2.2. Review of JIT-Based, Lean Production Planning and Control in ETO CSCs

In recent decades, Lean Principles have been used in manufacturing and later in construction (Lean Construction) to optimize production flows and to reduce waste. However, according to a study performed by Bevilacqua et al. 2017 [39] a wide application of lean principles can be recognized in larger Italian companies. Smaller enterprises often fear that the implementation of lean concepts is costly and time consuming and that it does not contribute to the business growth of a company. Moreover, smaller firms tend to be more agile and flexible to adjusting themselves to changing market conditions and therefore accepting high production costs [39]. This could be especially considered the case for Italian ETO companies working in the CSC industry.
In contrast to traditional push-oriented production planning and control methods, the theory of Lean Construction suggests the adoption of pull-based models [40]. Push systems are those in which production jobs are scheduled, whereas pull systems are those in which the start of one job is triggered by the completion of another. In push systems, an error in demand forecast causes bullwhip effects. However, in JIT ordering systems, amplifications are avoided because the actual demand is used instead of the demand forecast [41]. Two types of JIT control circuits are generally used for production management: the KANBAN system and the CONWIP system. The KANBAN system was developed by the Japanese automobile manufacturer Toyota [42]. Pull production controlled by Kanban requires a steady part flow, which is impractical for small and infrequent orders as it is common in the construction environment [43]. More in detail, by using KANBAN in a small lot size and high product variety environment, unused WIP and unresponsiveness of the system is caused because Kanban cards have to propagate backward through the entire line for releasing new orders [43]. Moreover, because KANBAN requires that cards be assigned to parts, this means that at every station just one standard parts container should be placed allowing that a downstream process is able to pull what needed. As a result, an outstanding space needed for placing part containers and an increased complexity to handle the system for non-repetitive manufacturing would be the case. Moreover, a pull based production with KANBAN negatively affects the product mix variety and especially the reduction of batch sizes [44].

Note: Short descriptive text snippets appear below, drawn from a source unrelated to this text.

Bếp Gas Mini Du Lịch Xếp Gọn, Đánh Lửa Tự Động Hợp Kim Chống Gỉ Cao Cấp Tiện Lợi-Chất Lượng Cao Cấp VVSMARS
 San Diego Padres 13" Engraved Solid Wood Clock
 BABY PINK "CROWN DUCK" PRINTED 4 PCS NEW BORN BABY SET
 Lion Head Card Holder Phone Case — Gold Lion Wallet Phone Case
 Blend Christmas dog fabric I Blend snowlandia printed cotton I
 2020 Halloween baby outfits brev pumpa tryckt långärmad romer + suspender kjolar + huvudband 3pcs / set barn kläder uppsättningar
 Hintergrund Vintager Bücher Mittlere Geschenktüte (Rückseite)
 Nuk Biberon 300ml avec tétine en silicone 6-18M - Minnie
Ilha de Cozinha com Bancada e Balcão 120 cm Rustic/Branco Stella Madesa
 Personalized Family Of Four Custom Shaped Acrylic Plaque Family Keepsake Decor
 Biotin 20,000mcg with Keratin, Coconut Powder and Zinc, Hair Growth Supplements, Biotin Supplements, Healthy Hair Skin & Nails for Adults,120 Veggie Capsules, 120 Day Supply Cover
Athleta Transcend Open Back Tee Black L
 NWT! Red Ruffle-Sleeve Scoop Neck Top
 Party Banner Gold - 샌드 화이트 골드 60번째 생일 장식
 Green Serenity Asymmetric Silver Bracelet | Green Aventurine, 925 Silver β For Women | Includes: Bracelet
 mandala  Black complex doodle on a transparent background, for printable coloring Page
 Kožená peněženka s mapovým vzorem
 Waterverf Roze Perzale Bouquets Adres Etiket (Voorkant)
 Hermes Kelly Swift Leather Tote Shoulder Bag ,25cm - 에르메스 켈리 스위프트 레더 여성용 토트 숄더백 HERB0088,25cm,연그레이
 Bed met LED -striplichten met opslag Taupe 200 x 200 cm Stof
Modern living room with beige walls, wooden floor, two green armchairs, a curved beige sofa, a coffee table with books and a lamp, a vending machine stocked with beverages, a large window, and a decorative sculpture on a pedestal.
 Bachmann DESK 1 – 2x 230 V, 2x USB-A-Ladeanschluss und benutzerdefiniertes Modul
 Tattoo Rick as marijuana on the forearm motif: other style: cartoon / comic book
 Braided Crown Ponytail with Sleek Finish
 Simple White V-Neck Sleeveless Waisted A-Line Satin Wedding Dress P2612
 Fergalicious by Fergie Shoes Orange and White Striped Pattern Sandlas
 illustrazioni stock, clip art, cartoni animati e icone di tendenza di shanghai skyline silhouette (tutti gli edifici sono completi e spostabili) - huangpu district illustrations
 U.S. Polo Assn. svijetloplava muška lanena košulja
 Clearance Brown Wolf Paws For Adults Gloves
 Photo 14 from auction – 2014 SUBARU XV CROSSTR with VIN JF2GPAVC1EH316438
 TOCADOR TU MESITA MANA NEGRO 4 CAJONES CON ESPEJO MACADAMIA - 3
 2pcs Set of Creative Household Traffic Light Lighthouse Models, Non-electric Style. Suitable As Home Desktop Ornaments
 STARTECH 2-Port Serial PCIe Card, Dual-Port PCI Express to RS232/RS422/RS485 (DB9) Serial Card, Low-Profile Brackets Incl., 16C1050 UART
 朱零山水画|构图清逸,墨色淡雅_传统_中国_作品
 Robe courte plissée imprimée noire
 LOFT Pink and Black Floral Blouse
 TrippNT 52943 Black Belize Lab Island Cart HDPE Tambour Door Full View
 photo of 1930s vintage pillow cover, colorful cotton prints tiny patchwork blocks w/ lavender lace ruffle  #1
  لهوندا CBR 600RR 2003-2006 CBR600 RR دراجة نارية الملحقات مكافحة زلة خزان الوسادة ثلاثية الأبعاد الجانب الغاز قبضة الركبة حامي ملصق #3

However, production in high volumes contradicts the fundamental principle and JIT performance objective of WIP minimization [45]. In contrast, Spearman et al. developed a pull-based production system called CONWIP (CONstant Work in Progress), which can be used in a wide variety of manufacturing environments [46]. A CONWIP production line sets the WIP levels and measures throughput [46]. As the main difference to a KANBAN system, in CONWIP parts are moved by using standard containers, each containing the same amount of work. In CONWIP cards are assigned to these standard containers. The fundamental difference/advantage is that WIP is directly observable while capacity, which is needed to appropriately release work in a push system, must be estimated. According to Hopp and Spearman [46] and Arbulu [47] in a CONWIP production system, on average less WIP levels are needed to obtain the same throughput as in conventional systems. In a CONWIP system, the whole value chain is just triggered in one point (usually the first process step) which improves drastically the handling of the system. Moreover, CONWIP signals are not product specific, which means that with one signal different product types can be triggered in a flexible way [47]. Arbulu [47] suggests quantifying CONWIP signals in time units as opposed to an amount of product units, because this would be more practicable in industry. In Lean Manufacturing, the consistent number of production orders released at the pacemaker process and simultaneously the taking away of an equal amount of finished goods is called “paced withdrawal”. Also, in construction, establishing a constant production pace could create a predictable construction flow that would enable quick corrective action to be taken in case of unforeseen problems [5]. In “lean language”, this consistent increment of work is called “Pitch” and is calculated by determining how much work can be done at the bottleneck process at a certain and prior-defined interval (i.e., 1 h, 1 shift, 1 day, etc.) [38]. Therefore, a common unit for the construction flow, independent of the customer order, becomes possible. This “Pitch” becomes the basic unit of the production schedule for the considered product family. For a more detailed explanation of the pitch concept readers could consult the work of Matt [48].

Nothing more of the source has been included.